Everything worked for both GPU vendors. Nvidia, which designed GPUs with planned obsolescence, AMD GPUs that made GPUs for yesterday, today and tomorrow, but already outdated and being bottlenecked by their nature in games.

14/16 nm battle will be extremely interesting, however Im starting to feel the winner already here.

Intel.

Enigmoid · Aug 23, 2015

crislevin said:
I can see your point that malicious developers can purposely hinder a vendor.

But if you are implying this is the case in AoS, or if you are suggesting nVidia's hardware capability is not the problem with DX12, or if you are saying allowing low-level access to GPU is somehow bad, then you would be ................... lets just say "wrong".

I'm saying that the developer needs to be careful.
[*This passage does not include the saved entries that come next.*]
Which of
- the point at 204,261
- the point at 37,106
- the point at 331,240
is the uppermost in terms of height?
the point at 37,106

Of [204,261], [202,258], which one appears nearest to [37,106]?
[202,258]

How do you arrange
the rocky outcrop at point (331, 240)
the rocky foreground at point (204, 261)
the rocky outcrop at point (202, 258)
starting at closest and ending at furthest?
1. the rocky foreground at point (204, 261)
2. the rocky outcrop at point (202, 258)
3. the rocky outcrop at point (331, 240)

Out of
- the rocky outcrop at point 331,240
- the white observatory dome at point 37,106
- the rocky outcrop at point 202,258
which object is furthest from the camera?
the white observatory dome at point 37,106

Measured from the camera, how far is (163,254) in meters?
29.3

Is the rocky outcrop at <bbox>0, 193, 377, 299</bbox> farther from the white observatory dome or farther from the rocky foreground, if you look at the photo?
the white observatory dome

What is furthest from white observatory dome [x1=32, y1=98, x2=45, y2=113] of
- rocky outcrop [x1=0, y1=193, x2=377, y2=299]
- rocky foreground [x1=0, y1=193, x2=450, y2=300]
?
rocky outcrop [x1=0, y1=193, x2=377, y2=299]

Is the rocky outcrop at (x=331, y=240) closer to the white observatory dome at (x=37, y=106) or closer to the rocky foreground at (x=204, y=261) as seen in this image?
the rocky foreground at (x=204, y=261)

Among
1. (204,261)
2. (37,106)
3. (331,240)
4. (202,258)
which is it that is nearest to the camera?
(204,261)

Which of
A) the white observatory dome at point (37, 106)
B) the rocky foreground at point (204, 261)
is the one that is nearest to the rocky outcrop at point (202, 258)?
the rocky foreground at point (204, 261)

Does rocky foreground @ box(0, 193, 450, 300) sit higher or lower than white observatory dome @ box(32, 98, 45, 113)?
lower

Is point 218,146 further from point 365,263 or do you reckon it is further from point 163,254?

Low level hardware access brings benefits but to do a good job at using those benefits is hard. Architectures differ and optimizations for one may hurt another.

Digidi · Aug 23, 2015

Glo. said:
I think what people forget, and what pretty much gives more credit to Mahigan posts is the effect of more cores on Nvidia GPU in 4K resolution.

To 1600p resolution, we completely don't see any difference between the use of 4 or 6 cores, with, and without HT. The Arstechnicas test with R9 290X and GTX 980 Ti provides it.
http://cdn.arstechnica.net/wp-conte...ew-chart-template-final-full-width-3.0021.png - 4 cores, without HT.
http://cdn.arstechnica.net/wp-conte...ew-chart-template-final-full-width-3.0011.png - fully enabled CPU.
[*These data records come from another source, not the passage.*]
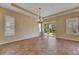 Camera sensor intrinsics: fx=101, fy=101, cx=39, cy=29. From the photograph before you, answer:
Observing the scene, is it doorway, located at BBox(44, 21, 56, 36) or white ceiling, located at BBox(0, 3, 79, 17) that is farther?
doorway, located at BBox(44, 21, 56, 36)

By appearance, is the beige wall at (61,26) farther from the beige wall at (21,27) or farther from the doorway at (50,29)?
the beige wall at (21,27)

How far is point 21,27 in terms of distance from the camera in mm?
3010

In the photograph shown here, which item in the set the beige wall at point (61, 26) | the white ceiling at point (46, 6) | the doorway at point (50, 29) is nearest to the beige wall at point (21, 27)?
the white ceiling at point (46, 6)

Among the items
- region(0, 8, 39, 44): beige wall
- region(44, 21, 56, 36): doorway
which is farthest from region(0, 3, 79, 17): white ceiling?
region(44, 21, 56, 36): doorway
29 vs 32 FPS in DX12 mode with 4 vs 6 cores.

More work done by the CPU and scheduled by the ACE in Maxwell provides higher performance, only in 4K. The engine does not need more CPU work on lower resolutions therefore, we don't see of any benefit in them. 4K is something rather different.
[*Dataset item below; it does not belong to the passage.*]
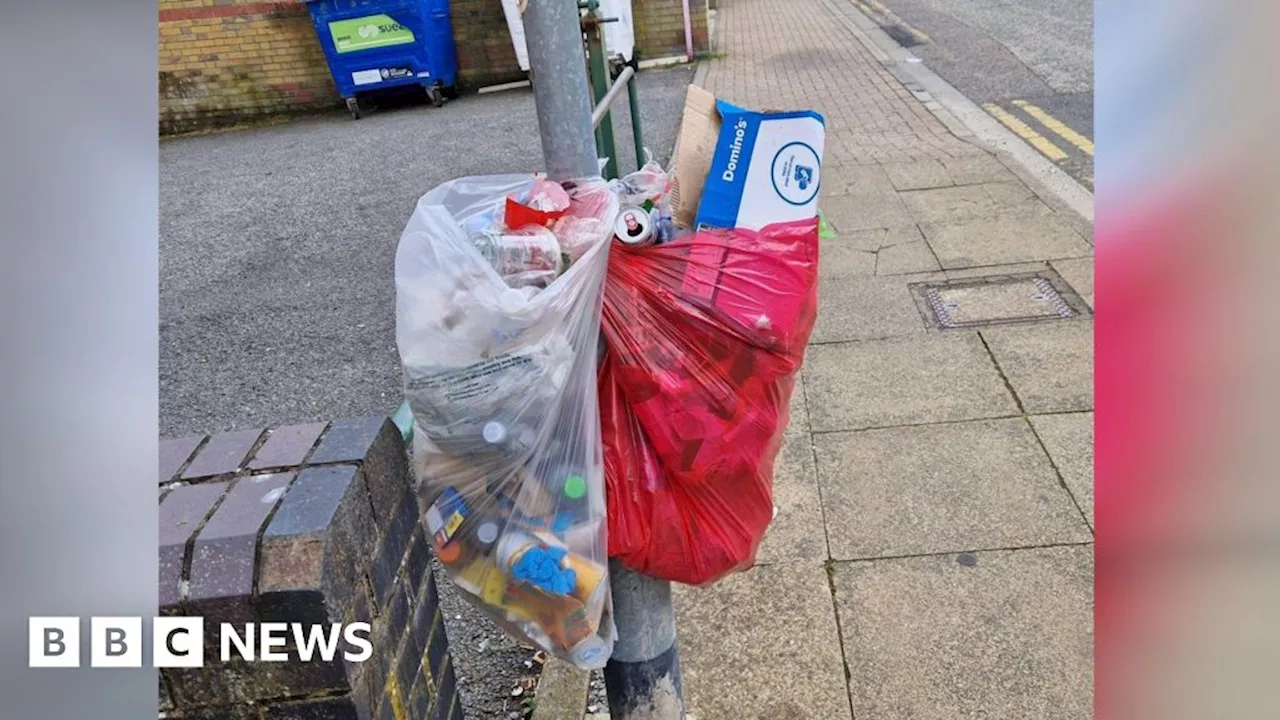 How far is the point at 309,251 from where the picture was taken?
6.13 metres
The biggest problem about all this is:
Nvidia knew what will be with DX12, and deliberately released Maxwell architecture, to sell as many GPUs as they can. With DX12 performance gimped, now they can bring new design, which will make all of the people who bought Maxwell and older architectures, more likely to buy new hardware.
Planned obsolescence.
As for GCN. Unfortunately its the same story. Fury X will not fly in future games because of Rasterization Bottleneck.
All of our hardware in fact is already outdated for DX12 games if we look at the potential of the API, and future hardware will make that potential extremely possible, and that is a shame.

Furyx is not rasterizer bottlenecked. Otherwise the 3dmark DirectX 12 drawcalltest will not run good on AMD Hardware. Nvidia is rasterizer bottlenecked but it's not the rasterizer it self which make the bottleneck, the Problem which nvidia have is that the command processor can't feed enought the rasterizer!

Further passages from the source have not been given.